Thanks for all the responses.

I bought the mirror a LONG time ago -- but I thought the glazier said that the foil backing meant I didn't need to use a special mirror adhesive. Does that make any sense ?


----------



## Dominion (27 Dec 2012)

I'd play it safe anyway and just use Mirror Mate. I've used it to stick 8'x4' mirrors with no other fixings and not had any issues with it. It's the only thing I've found to reliably stick mirrors to tiles so should get a great grip on mdf.


----------



## Howie (27 Dec 2012)

yep, you are correct about the foil backing. I stick mirrors onto my wardrobes all the time with regular cheap silicon as my glass guy puts the foil on the back.
Only need the special stuff if it has not got the foil on.

regards
Howie


----------



## Lons (27 Dec 2012)

I've used mirror mate many times and wouldn't use anything else. I've fixed some pretty heavy mirrors to tiled surfaces. You need to get it right as almost impossible to remove later but it won't affect the backing. If it isn't a dirt cheap mirror it's not worth the risk imo foil or no foil.

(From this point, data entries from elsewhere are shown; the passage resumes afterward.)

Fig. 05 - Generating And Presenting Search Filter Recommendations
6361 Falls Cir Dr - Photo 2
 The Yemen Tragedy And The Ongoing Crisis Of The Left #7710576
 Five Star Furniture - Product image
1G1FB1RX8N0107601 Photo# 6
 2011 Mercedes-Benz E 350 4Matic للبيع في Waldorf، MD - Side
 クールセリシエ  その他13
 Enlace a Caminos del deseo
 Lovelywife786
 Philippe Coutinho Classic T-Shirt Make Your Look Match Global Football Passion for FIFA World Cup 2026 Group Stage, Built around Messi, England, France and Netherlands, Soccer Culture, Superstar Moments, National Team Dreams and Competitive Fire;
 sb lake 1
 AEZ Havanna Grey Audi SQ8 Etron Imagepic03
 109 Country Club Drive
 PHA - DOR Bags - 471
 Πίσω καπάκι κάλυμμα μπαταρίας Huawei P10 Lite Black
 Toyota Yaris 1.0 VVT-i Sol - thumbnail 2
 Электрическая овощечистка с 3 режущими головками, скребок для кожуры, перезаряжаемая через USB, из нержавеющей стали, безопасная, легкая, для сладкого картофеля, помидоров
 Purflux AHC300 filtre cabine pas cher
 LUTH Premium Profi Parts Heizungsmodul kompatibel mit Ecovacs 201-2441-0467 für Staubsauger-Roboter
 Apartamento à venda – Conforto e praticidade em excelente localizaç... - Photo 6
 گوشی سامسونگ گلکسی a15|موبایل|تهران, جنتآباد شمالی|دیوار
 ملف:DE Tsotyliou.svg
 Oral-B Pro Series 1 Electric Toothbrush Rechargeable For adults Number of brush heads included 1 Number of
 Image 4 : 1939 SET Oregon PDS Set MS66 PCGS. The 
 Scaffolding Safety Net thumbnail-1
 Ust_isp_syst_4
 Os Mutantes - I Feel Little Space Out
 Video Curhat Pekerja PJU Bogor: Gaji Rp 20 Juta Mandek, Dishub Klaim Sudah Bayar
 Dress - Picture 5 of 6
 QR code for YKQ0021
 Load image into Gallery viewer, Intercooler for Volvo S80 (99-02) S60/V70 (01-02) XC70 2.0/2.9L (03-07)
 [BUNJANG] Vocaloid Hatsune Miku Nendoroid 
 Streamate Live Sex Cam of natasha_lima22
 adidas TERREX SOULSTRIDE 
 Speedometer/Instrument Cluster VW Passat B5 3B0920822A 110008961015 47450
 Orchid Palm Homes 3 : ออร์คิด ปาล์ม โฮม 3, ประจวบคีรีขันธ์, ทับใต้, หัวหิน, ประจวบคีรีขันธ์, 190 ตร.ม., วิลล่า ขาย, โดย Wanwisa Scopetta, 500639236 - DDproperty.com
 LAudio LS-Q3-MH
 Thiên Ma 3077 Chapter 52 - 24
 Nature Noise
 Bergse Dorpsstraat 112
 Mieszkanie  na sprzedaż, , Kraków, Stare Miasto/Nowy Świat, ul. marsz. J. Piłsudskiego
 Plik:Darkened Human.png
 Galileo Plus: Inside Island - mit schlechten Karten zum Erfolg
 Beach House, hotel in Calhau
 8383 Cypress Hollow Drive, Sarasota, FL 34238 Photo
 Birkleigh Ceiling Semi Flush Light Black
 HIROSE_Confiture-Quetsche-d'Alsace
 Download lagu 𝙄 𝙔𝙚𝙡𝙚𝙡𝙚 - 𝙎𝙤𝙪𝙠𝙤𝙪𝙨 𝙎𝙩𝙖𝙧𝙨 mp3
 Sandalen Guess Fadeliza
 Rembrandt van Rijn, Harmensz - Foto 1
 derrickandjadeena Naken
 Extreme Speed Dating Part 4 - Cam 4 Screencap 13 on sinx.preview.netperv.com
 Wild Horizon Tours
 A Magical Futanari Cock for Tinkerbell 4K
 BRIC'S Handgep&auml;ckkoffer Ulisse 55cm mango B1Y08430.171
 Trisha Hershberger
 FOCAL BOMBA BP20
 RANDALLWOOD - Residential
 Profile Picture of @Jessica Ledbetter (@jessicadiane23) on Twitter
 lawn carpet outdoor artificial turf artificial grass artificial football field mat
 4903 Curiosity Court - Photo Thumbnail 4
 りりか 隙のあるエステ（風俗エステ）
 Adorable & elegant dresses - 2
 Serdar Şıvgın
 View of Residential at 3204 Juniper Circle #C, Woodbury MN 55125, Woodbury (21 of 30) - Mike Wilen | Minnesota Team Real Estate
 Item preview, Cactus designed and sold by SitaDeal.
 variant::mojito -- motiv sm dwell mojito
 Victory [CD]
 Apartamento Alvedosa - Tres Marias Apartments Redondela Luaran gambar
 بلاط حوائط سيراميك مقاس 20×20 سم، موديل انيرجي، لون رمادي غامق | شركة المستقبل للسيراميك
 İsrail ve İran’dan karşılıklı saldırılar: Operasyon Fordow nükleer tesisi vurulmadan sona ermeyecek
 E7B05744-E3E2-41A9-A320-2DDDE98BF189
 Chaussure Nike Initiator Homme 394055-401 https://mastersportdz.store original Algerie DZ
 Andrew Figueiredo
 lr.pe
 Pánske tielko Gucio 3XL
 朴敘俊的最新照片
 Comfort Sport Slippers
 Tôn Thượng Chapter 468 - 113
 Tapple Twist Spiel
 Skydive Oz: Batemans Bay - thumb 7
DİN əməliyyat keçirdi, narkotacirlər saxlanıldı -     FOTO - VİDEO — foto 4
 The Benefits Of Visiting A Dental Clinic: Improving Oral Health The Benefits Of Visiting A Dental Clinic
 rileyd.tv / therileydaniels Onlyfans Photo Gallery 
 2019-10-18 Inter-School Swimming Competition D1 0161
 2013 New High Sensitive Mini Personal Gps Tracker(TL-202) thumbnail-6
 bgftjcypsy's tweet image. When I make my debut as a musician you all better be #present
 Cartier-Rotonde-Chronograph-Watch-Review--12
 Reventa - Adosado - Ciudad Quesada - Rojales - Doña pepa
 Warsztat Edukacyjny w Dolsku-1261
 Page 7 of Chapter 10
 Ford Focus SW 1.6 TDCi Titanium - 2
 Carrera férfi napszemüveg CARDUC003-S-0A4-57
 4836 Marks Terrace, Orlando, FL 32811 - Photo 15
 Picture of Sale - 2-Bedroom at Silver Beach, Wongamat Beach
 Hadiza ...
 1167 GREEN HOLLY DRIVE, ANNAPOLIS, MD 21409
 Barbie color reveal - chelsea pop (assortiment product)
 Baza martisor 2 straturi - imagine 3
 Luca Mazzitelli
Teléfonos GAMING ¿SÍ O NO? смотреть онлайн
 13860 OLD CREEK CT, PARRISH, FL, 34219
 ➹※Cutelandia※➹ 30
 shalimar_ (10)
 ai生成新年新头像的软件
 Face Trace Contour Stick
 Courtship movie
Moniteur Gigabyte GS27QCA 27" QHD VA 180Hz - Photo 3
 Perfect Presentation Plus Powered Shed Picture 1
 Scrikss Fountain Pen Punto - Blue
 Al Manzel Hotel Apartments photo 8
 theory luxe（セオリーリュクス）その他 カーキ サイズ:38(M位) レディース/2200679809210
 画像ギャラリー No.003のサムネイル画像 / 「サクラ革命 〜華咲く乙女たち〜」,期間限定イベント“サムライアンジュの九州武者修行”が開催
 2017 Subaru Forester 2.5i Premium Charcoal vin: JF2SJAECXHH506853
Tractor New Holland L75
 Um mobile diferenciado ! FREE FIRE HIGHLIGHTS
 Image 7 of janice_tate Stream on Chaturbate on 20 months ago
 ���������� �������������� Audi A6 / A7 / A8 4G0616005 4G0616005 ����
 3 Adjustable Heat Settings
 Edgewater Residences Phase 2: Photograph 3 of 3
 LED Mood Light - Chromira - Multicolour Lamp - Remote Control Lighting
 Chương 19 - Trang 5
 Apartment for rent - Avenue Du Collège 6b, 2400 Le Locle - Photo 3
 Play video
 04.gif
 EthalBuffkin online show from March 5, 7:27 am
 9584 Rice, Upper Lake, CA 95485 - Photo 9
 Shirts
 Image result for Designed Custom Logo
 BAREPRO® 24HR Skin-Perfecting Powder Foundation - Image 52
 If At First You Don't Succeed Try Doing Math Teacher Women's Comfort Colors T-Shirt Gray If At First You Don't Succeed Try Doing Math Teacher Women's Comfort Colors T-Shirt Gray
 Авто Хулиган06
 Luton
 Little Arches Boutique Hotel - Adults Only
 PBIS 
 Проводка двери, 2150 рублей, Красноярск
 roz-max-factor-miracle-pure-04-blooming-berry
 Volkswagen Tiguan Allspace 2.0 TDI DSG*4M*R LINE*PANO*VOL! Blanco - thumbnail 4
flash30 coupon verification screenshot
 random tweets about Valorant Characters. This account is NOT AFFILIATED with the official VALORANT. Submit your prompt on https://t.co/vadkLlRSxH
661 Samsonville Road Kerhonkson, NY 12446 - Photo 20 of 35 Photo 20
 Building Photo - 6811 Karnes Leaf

You can buy it at the minute for as little as £2.88 btw http://www.amazon.co.uk/dp/B0012RS9IA/? ... B0012RS9IA

cheers

Bob


----------



## jasonB (28 Dec 2012)

If doing this commercially like me and Lons you may find that if the bond fails and someone gets hurt your insurance may not pay out if it was found that you used the wrong adhesive. Not worth the risk for a few quid.

For wardrobes etc I have the backs safety filmed as it far stronger than foil which can tear easily if the mirror did break.

J


----------